# Requirement
Begin at the line containing "Chinese horse puppet" and copy exactly through the last line of the listing, skipping every picture.

# Source data
◆ ◆ ◆ ◆ ◆
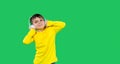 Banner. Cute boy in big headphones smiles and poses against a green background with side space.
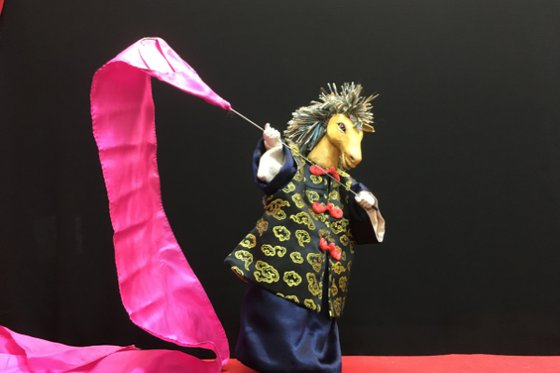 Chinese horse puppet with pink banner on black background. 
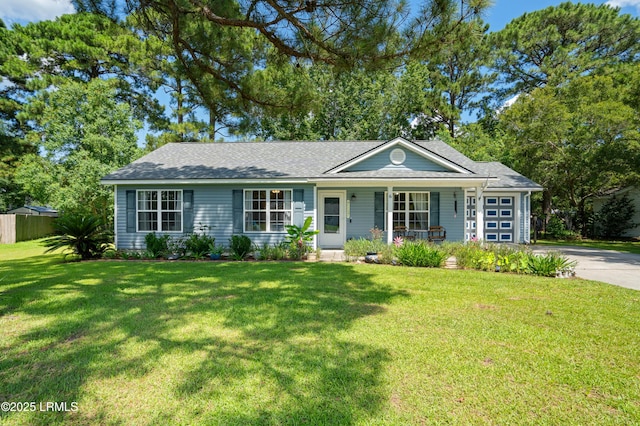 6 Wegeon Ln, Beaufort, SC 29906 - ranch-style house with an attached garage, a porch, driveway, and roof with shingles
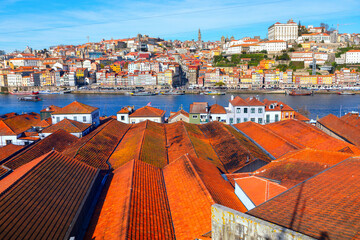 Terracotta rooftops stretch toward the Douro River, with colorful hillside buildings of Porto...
◆ ◆ ◆ ◆ ◆
# Solution to the problem
 Chinese horse puppet with pink banner on black background. 
 6 Wegeon Ln, Beaufort, SC 29906 - ranch-style house with an attached garage, a porch, driveway, and roof with shingles
 Terracotta rooftops stretch toward the Douro River, with colorful hillside buildings of Porto...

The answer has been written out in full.